By breaking down her income and expenses, planning for long-term care, and stress-testing her portfolio, Robin gains clarity and confidence. This process allows her to identify areas where adjustments might be necessary. For example, she could reduce travel spending, work an extra year, or delay Social Security benefits to strengthen her financial position further.

Key Lessons from Robin’s Story

Robin’s approach to retirement offers valuable insights for anyone nearing this life stage:

  1. Start with a Clear Picture: Know your financial assets, income sources, and anticipated expenses. Understanding these basics is the foundation of any solid retirement plan.
  2. Plan for Inflation and Healthcare: Expenses will rise over time, so it’s important to account for these increases in your projections.
  3. Consider the “What-Ifs”: Unexpected expenses, market fluctuations, and health changes are inevitable. Stress-testing your plan helps prepare for these uncertainties.
  4. Monitor Regularly: Retirement planning isn’t a one-and-done task. Regular check-ins can help you make course corrections as needed.

Creating Your Retirement Blueprint

Robin’s story shows that retirement planning doesn’t have to be overwhelming. By following a structured process, you can transform complex questions—like “When can I retire?”—into actionable steps.

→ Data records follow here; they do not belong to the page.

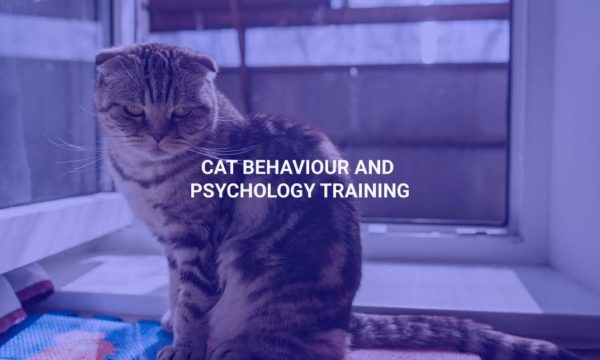 Cat Behaviour and Psychology Training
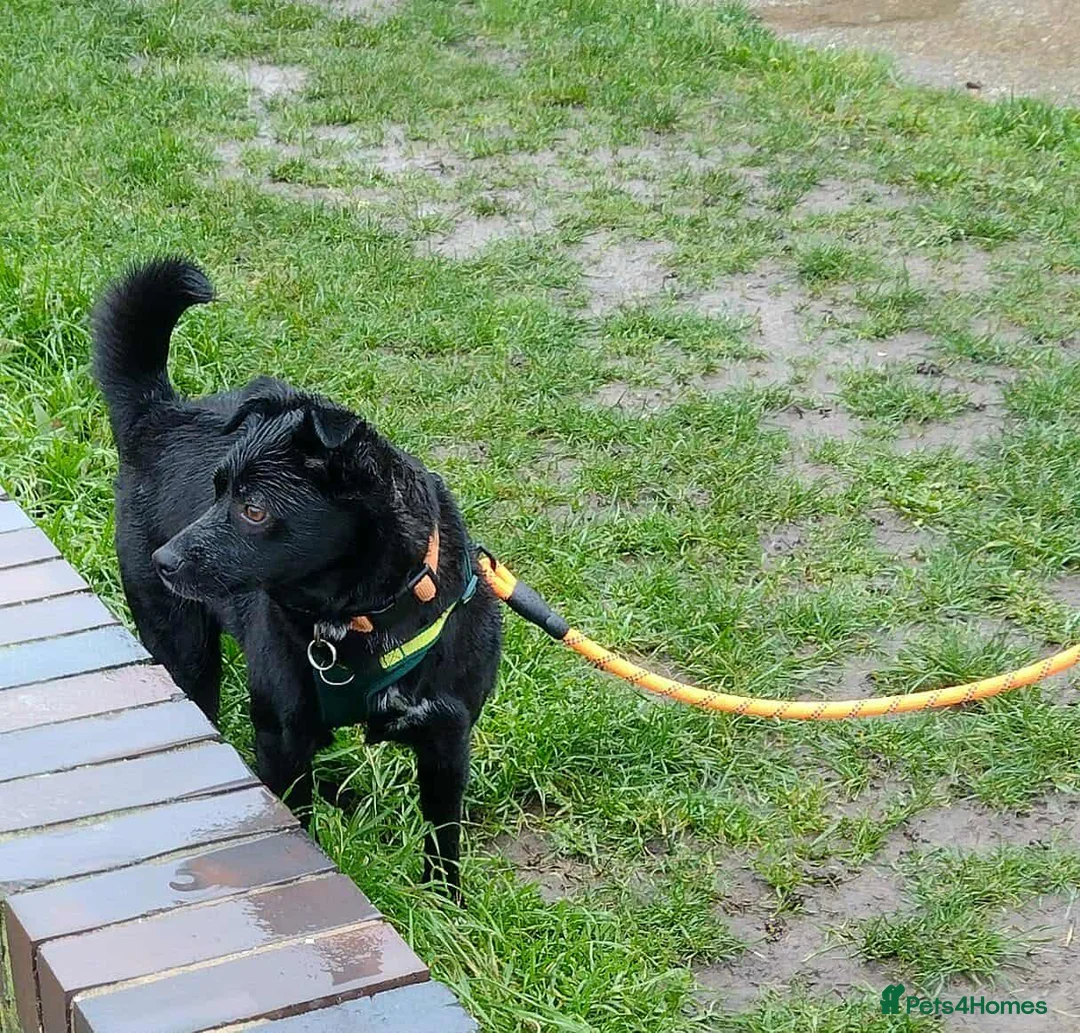 Mixed Breed dogs for adoption: Spirit for adoption in Bedford - Advert 9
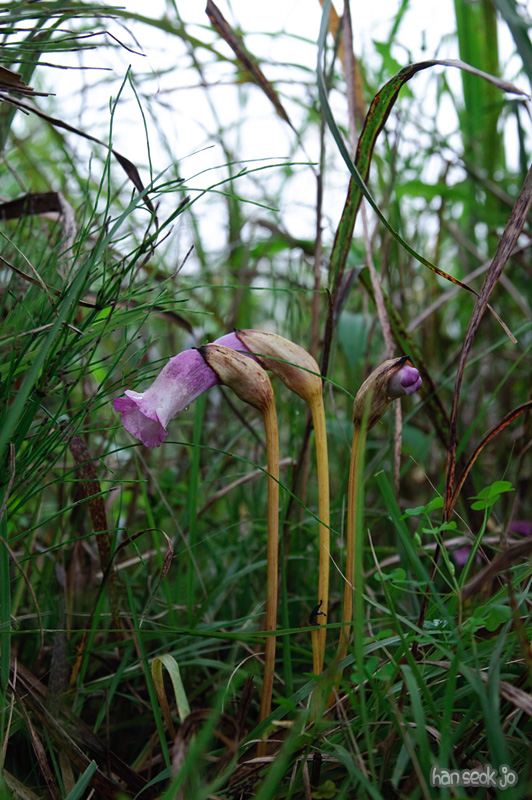 DSC_8438.jpg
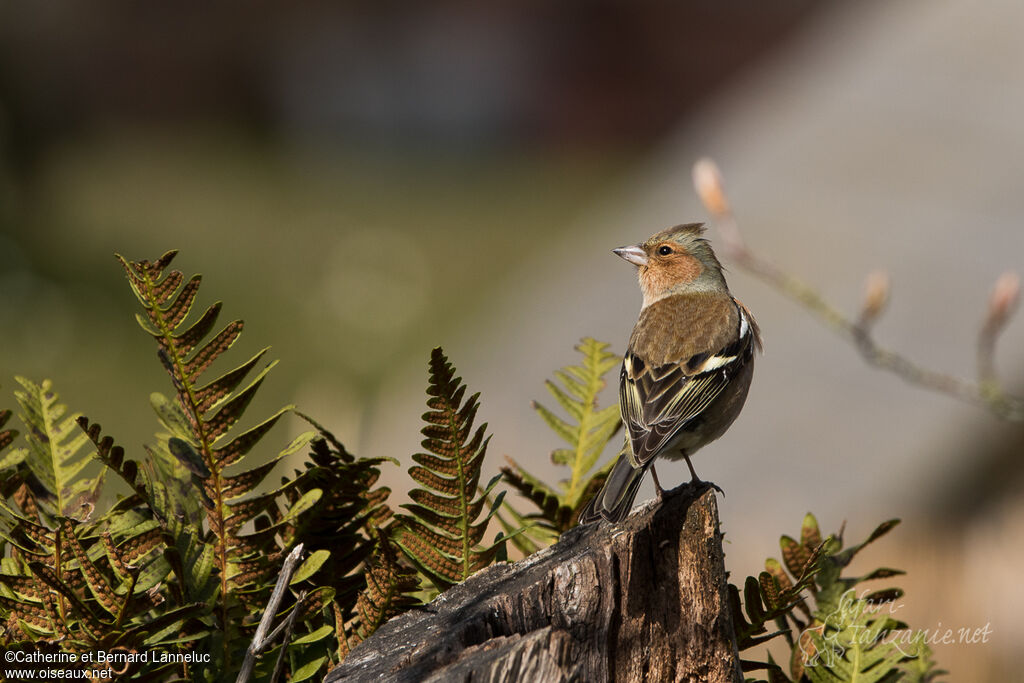 Eurasian Chaffinch male adult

Whether you’re planning for the next year or the next 30, the goal is to create a roadmap that aligns with your needs and aspirations.

If you’re unsure where to start, consider using financial planning tools or consulting with a professional. Retirement is about more than numbers—it’s about achieving peace of mind and the freedom to enjoy this new chapter of life. With careful planning, you can make that vision a reality.